[Start of section]
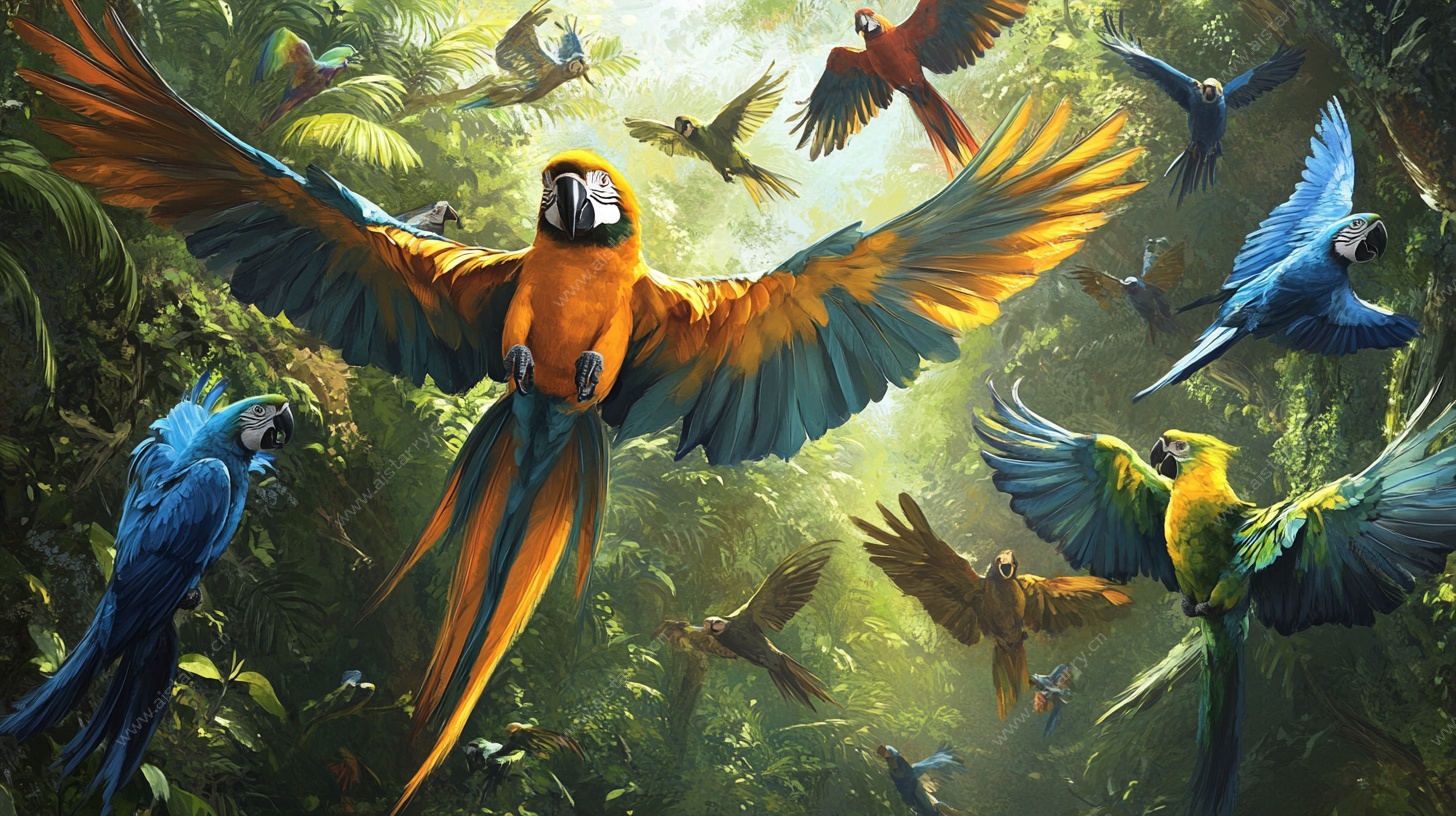 群鹦鹉翱翔热带雨林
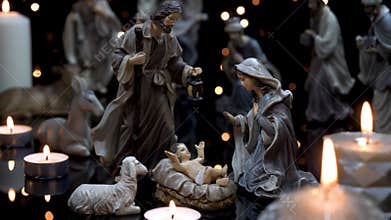 Nativity scene Christmas manger with candles lights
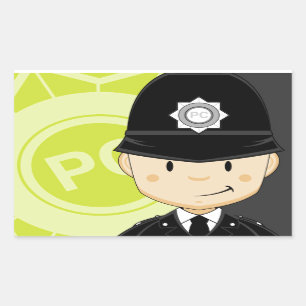 Sticker Rectangulaire Policier mignon des Anglais de bande dessinée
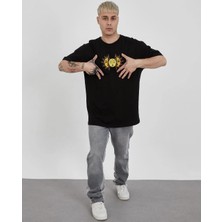 Velmora Fashion Unisex Bisiklet Yaka Baskılı Oversize T-Shirt - Siyah -Vlmr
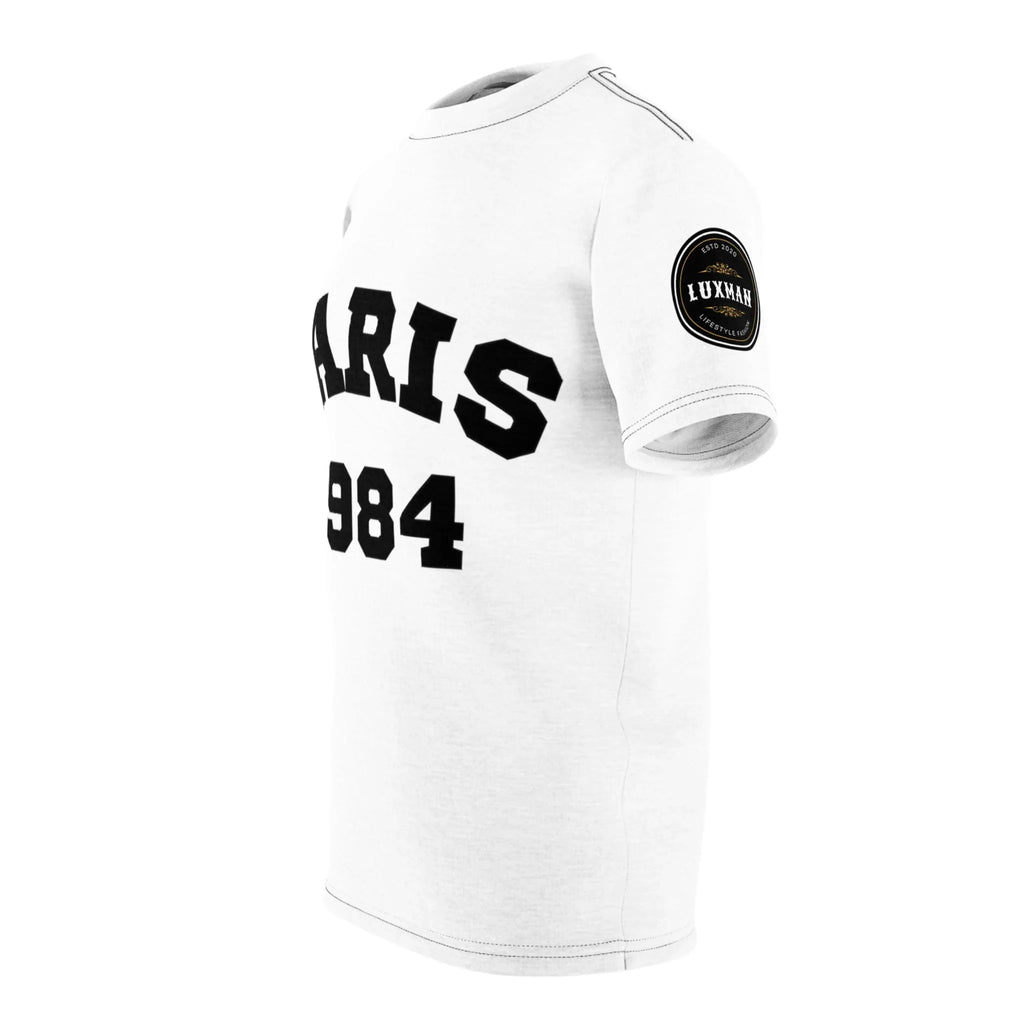 Paris 1984 Men's Black Stitching Tee Printify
[End of section]
*Exercise instructions*.
Without the pictures, restate each entry exactly.

*Response to this task*.
 群鹦鹉翱翔热带雨林
 Nativity scene Christmas manger with candles lights
 Sticker Rectangulaire Policier mignon des Anglais de bande dessinée
 Velmora Fashion Unisex Bisiklet Yaka Baskılı Oversize T-Shirt - Siyah -Vlmr
 Paris 1984 Men's Black Stitching Tee Printify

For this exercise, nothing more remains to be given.